Sağduyulu, vefalı, bağımsızlığı karekter olarak benimseyen, milli ve manevi duyguları ön plana çıkaran bu halkın, muhalefetin isteği doğrultusunda hareket edeceklerine inanmak gerçeklere aykırı, bu milletin değerlerine uymayan bir tutumdur.
Muhalefet şirazeden çıkmış, gözü dönmüş bir vaziyette sağa sola yalpalıyor, hakikati ve gerçekleri bile fark edemiyor, gözleri perdeli.
Buna rağmen muhalefetle aynı söyleme ve inanca sahip, ciddi bir itirazcı kesimin olduğu da bir hakikattir.
Cumhurbaşkanı’nı ve hükümeti asla istemiyorlar, gidişata negatif bakıyorlar. Ülke durumunun çok kötü olduğunu, dolayısıyla bu hükümetin derhal gitmesini istiyorlar.
Benim adım Kemal, Meral… Atın bakalım bol keseden. Şunu vereceğim, şunu getirecegim, hesap soracağım. Adınız neyin garantisi oluyor?
Vereceğim, vermezsem benim adım Kılıçdaroğlu değil! Kılıçdaroğlu değil de palavracı olur, pek mi önemli?
Neyi, nasıl, nereden, ne şartla, kime vereceksin? Sihirli deynek mi var elinde?
Kullandığımız dil sert gibi gelebilir ama muhalefetin davranışı karşısında pamuk gibi kalır.
Elbette hükümet her şeyi iyi yapıyor demiyoruz; bayağı hataları ve yanlışları oldu/ oluyor. Sizlere düşen hataları hatırlatıp alternatifini ortaya koymak, doğru yapılana destek vermektir.
Siz ne yapıyorsunuz?
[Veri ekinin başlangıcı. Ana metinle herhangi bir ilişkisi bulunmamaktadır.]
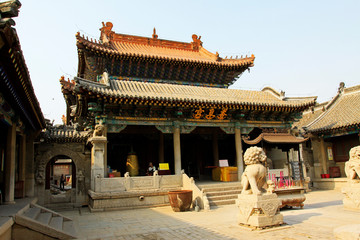 Xiang Fu Palace building scenery Jijue Temple, China...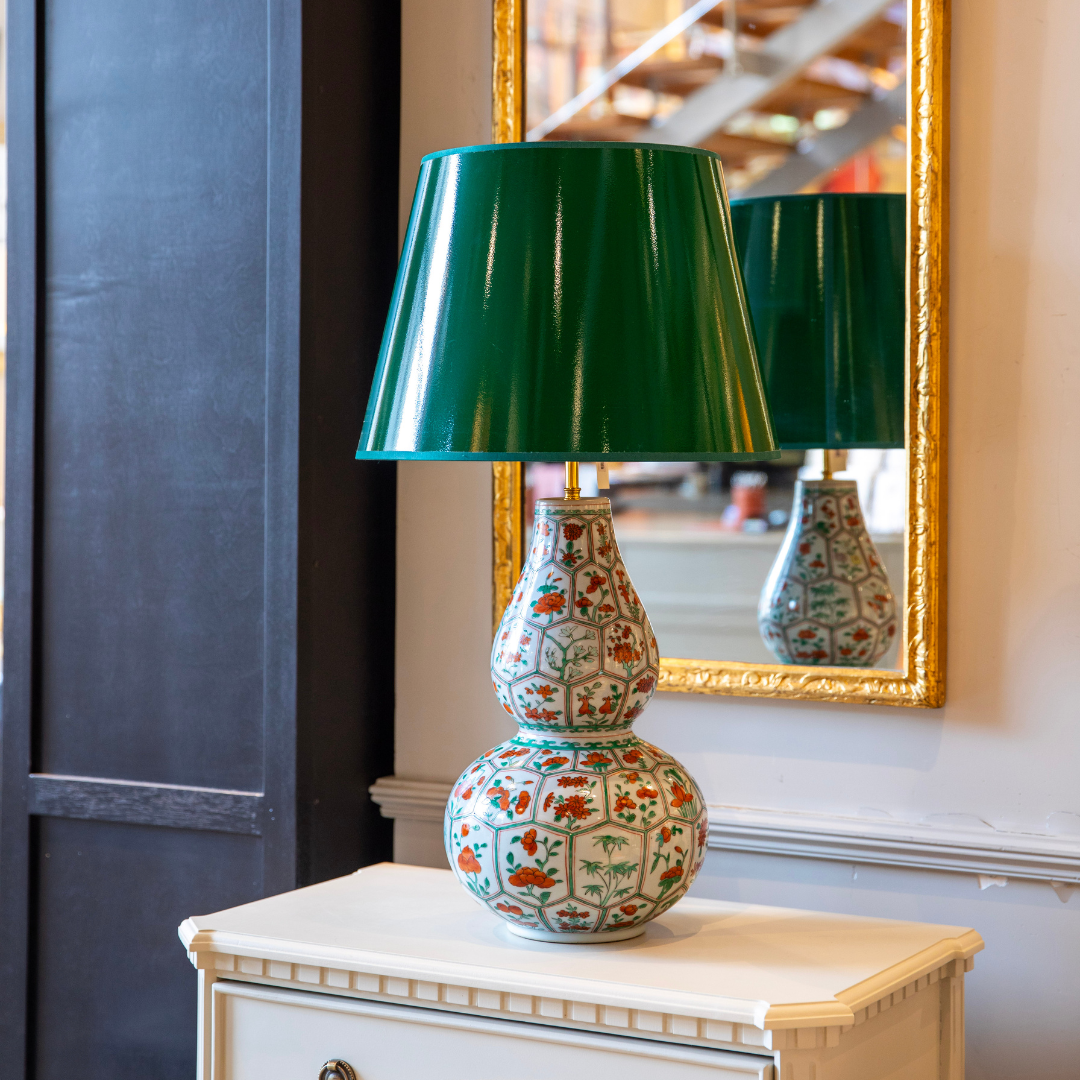 Bordslampa Famille Verte Flowers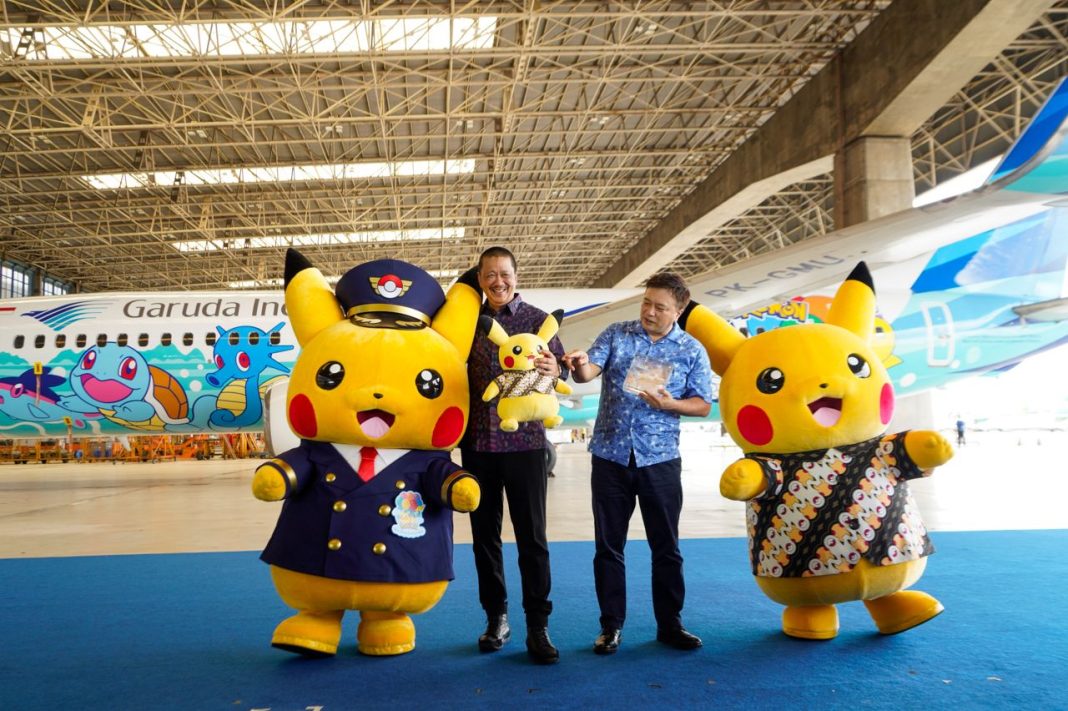 maskapai penerbangan nasional garuda indonesia berkolaborasi dengan the pokemon company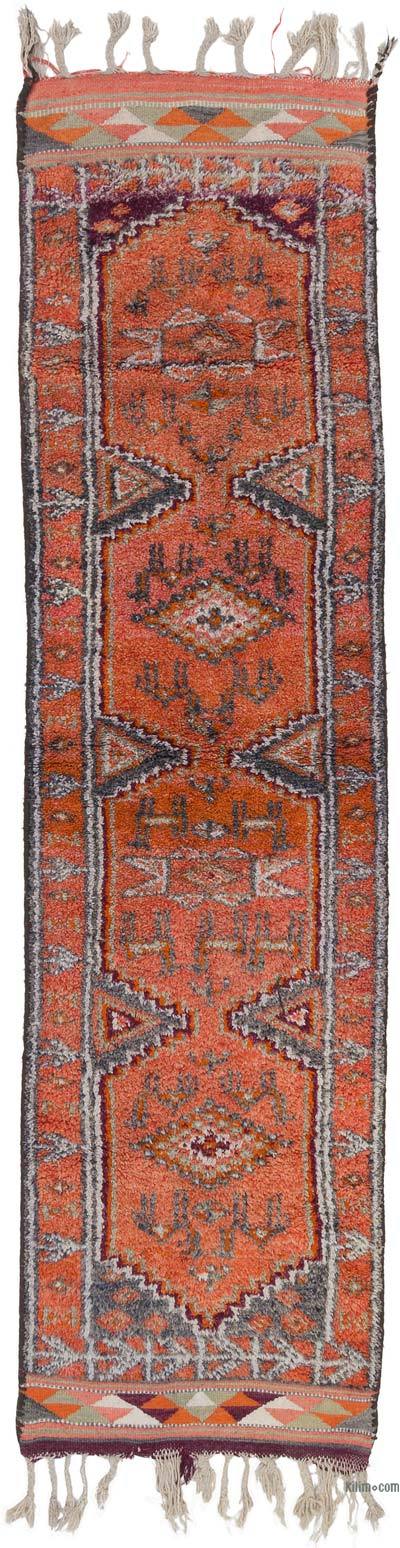 Vintage Tribal Runner Rug - 3' 1" x 11' 11" (37" x 143")
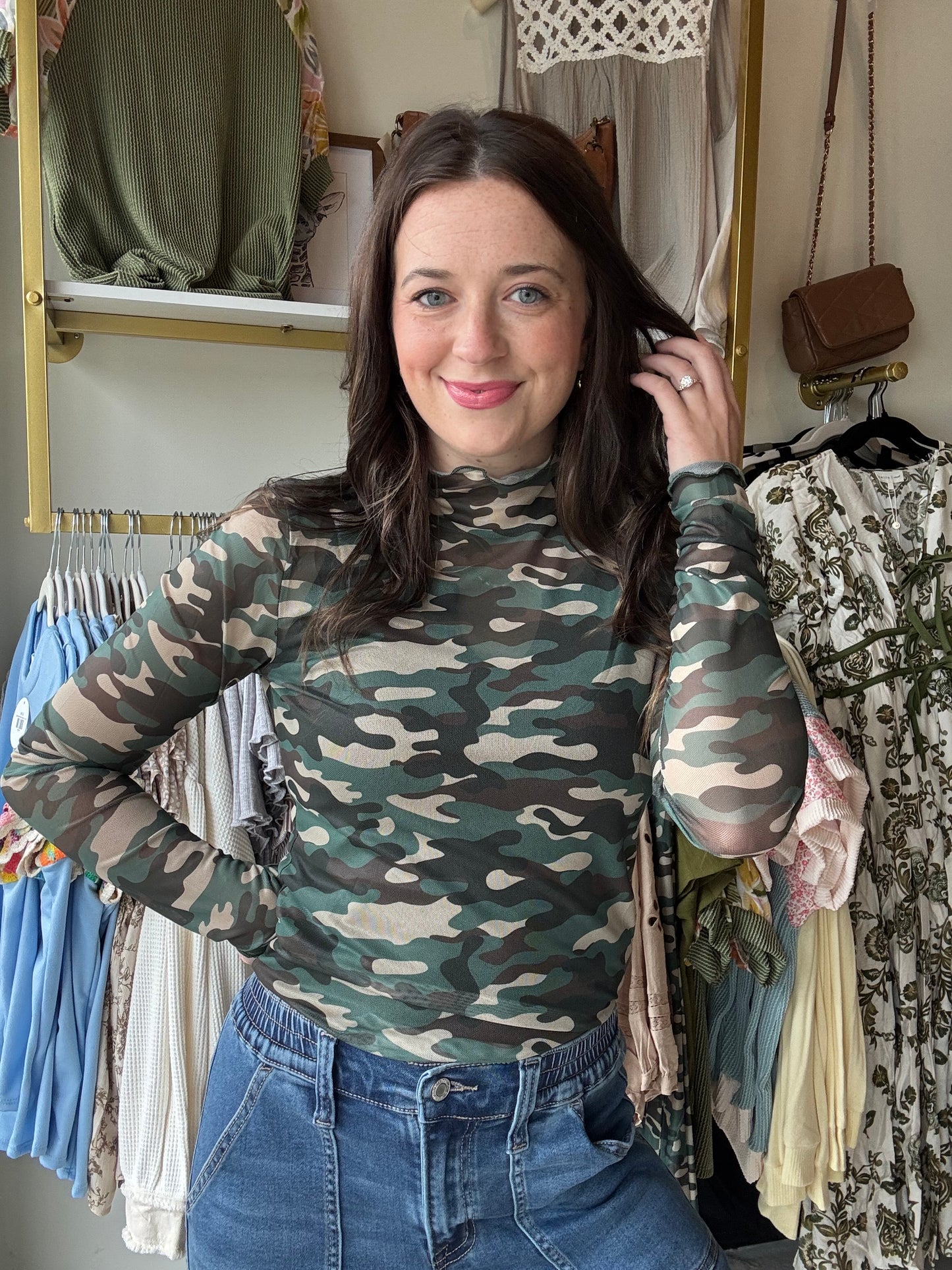 Keagen Mesh Top - Camo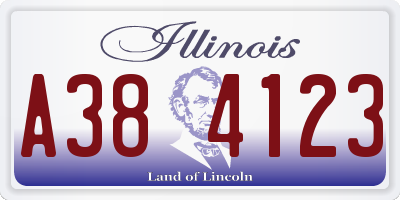 IL license plate A384123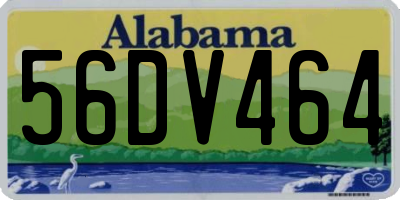 AL license plate 56DV464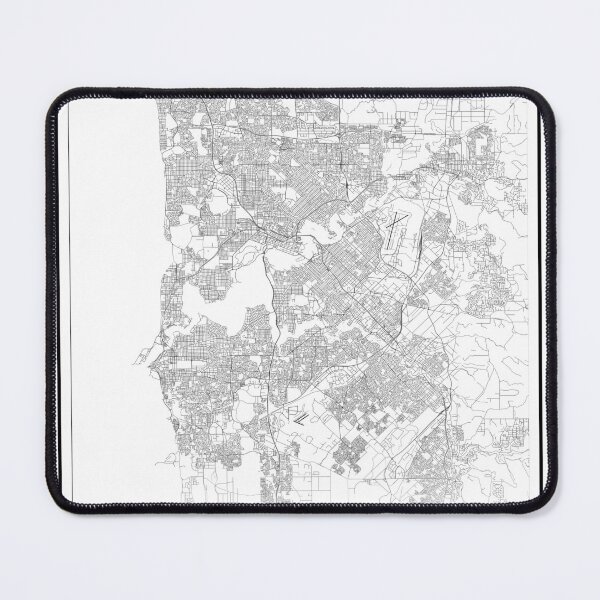 Item preview, Perth City Map designed and sold by SHAMPAIN-ART-CO.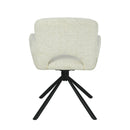 Jídelní židle Blois Bílá s černou podnoží Mahom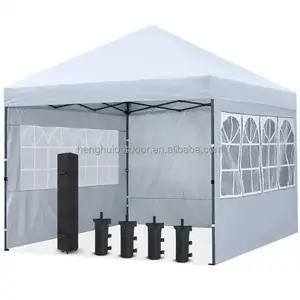 China  Manufacturer Tent Customized Folding Gazebo black Canopy Tent With Side Wall Printed Advertising Tent For Big Events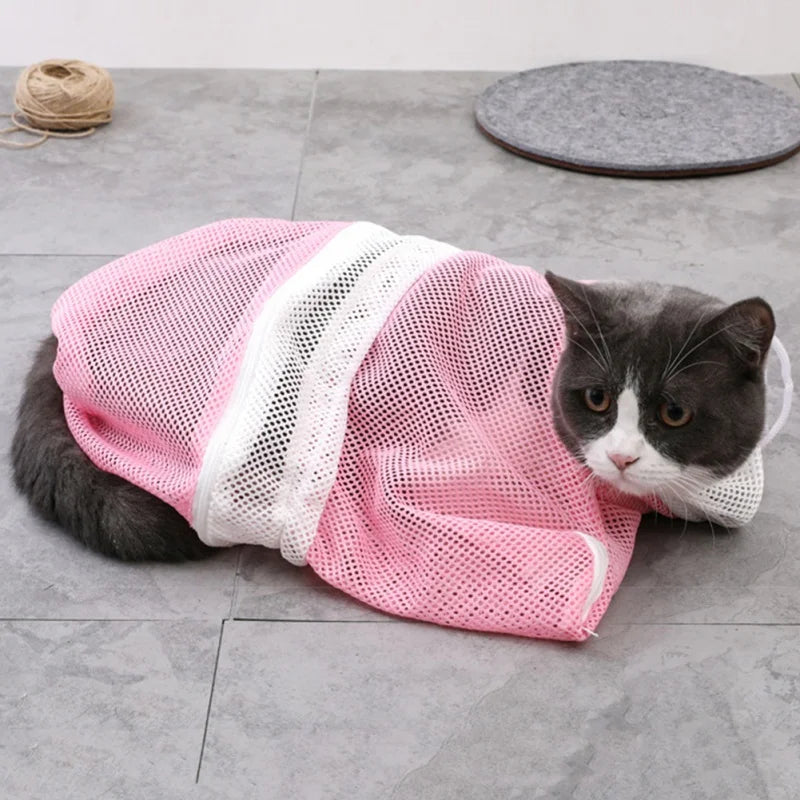 Mesh Pet Bath Bag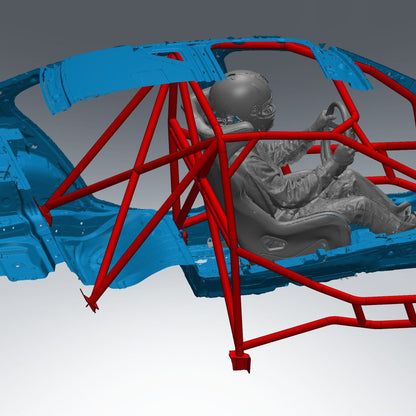 F30 FD Spec Roll Cage Kit — view 2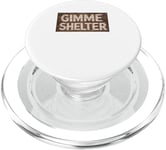 Panneau en bois Gimme Shelter PopSockets PopGrip pour MagSafe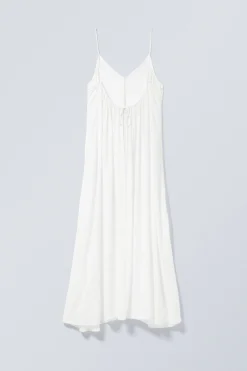 Weekday FLOWY MAXI DRESS white Sale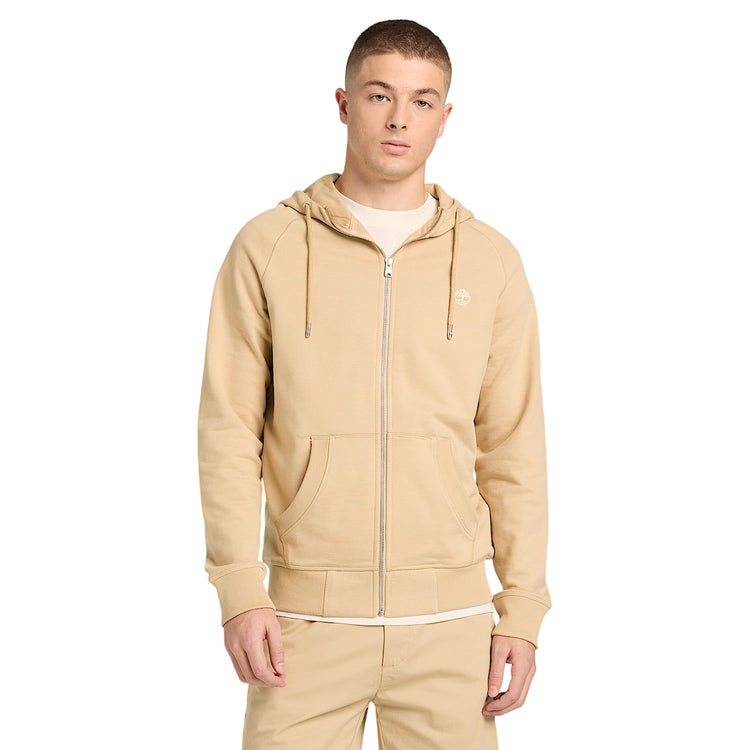 Felpa Exeter River da Uomo Beige con Zip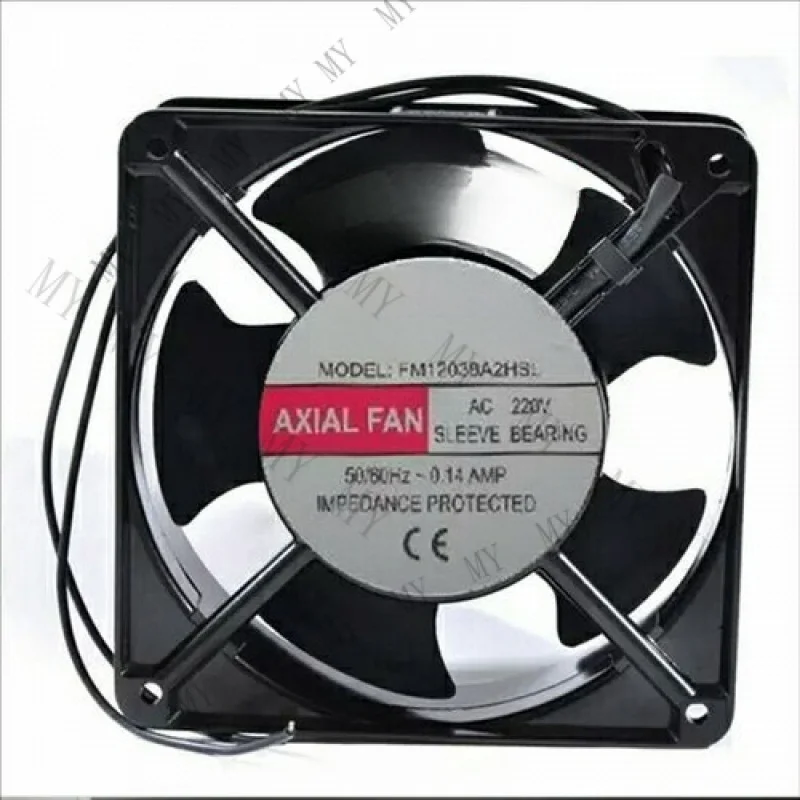 

TT 1 шт. для вентилятора Sunflow FM12038A2HSL AC 220 В 0,14 А 120*120*38 мм 2-проводная алюминиевая рамка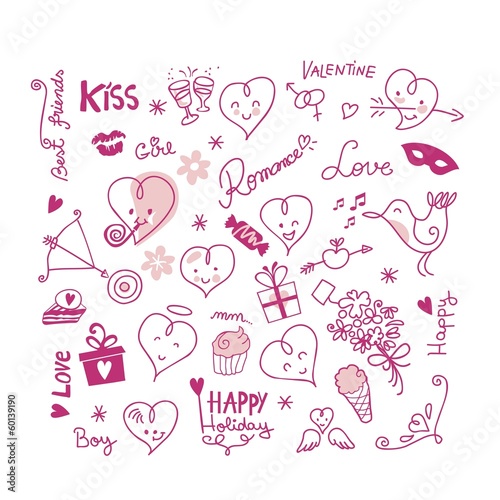 Valentine Cute Elements
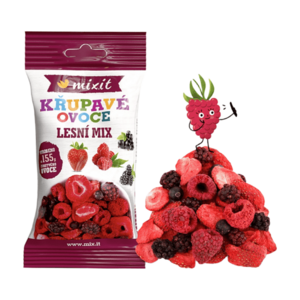 MIXIT Křupavé ovoce do kapsy lesní mix 20 g obraz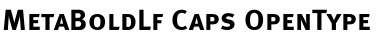 Meta Bold Lf Caps Font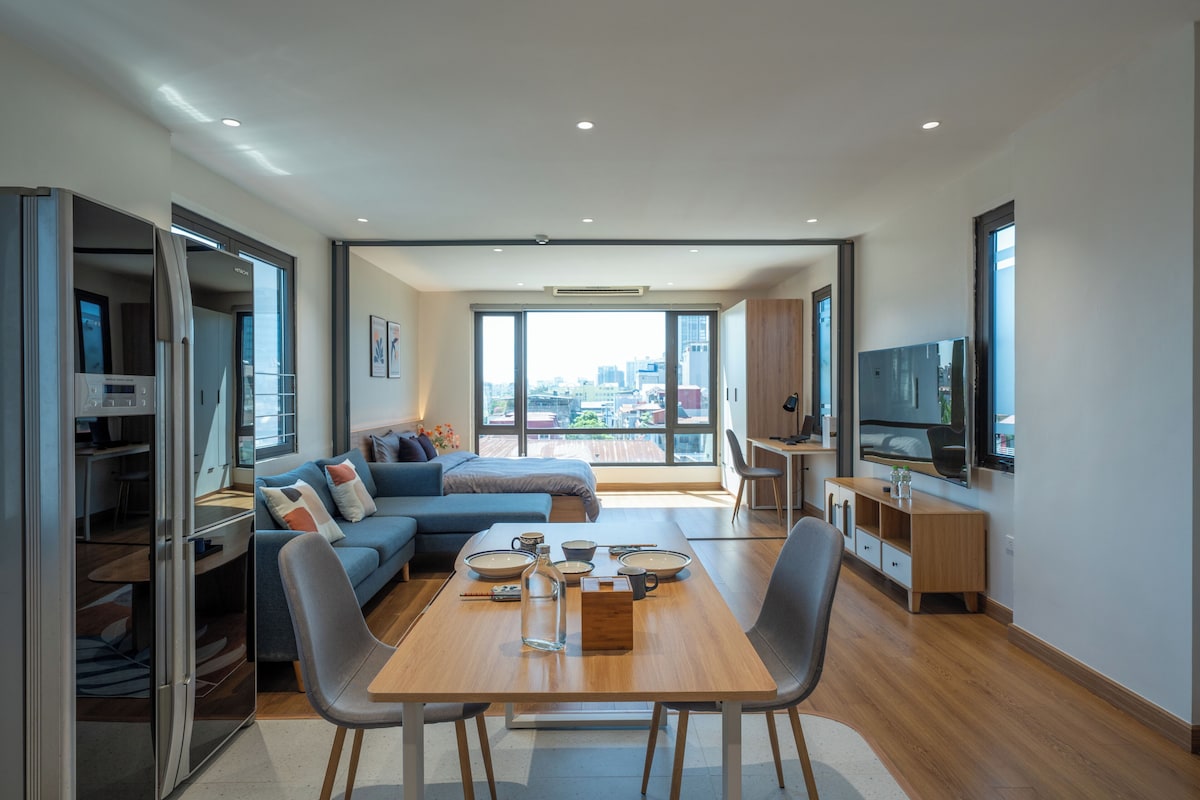 Superior Studio, City View | Ruang kerja komputer riba, Wi-fi percuma 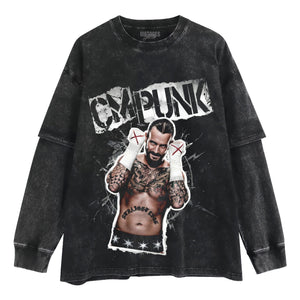 CM PUNK BEST IN THE WORLD WWE PRO WRESTLING TANK TOP & TEE & LONG SLEEVE & LAYERED LS & HOODIE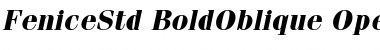 ITC Fenice Std Bold Oblique Font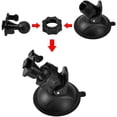 thumbnail image 4 of Dash Cam Suction Mount with 10+ Swivel Ball Adapters Compatible with Rexing V1, UGSHD, AUKEY, APEMAN, Byakov, Z-Edge, Roav, Old Shark, YI, Pezt, UGSHD and Most Dash Cameras, 4 of 7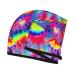 Tie Dye Coral Velvet Dry Hair Cap - Ultimate Hair Protection for Home Travel Pool Parties & Beaches - Buy Online on GoSupps.com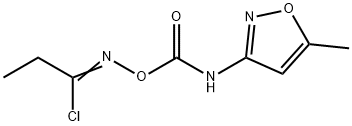 N-({[(5-methyl-3-isoxazolyl)amino]carbonyl}oxy)propanimidoyl chloride Structure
Hükümetin yaptığı her icraata itiraz edip köstek oluyorsunuz.
Tezkereye red oyu vermekle, başta Pkk olmak üzere tüm düşmanları sevindirdiniz. Çünkü Sayın Erdoğan’ı indirmek için Hdp’nin pardon Pkk’nin oyuna ihtiyacınız var.
Bunların oyu yeterli olmuyor, kemalist milliyetçilerin oyuna da ihtiyaç var. O zaman Yozgat’a, milliyetçi bölgeye gel, Kandil’e girip Pkk’yı yerinde imha edip bitirmezsem benim adım Kılıçtaroglu değil kükremesini yap, yemezler!
Sınır dışına müdahale edebilmek için tezkere çıkartman lazım; ama sen hayır oyu kullandın!
Yalpalıyorsunuz, savruluyorsunuz, tutarsızsınız. Yapacağınız icraat ve projeleri sunun halka! Yıkmaya yönelik bir muhalefet anlayışı kuşatmış zihinleri.
Şunu da itiraf edeyim ki, bu sıkıntılı , geçiş sürecinin verebileceği hoşnutsuzluğu fırsata çevirip iktidarı alma ihtimalleri de hiç olmadığı kadar gerçeğe yakındır.
Erdoğan- Biden görüşmesini bile aleyhte propagandaya çeviren gayr-i milli zihniyetin iktidara gelmesi ciddi kaoslara ve diyet ödeme savaşlarına gebedir.
Bu zihniyete fırsat verilmez, yoksa vay halimize? Bu ihtimali düşünerek kaygılıyım, korkuyorum.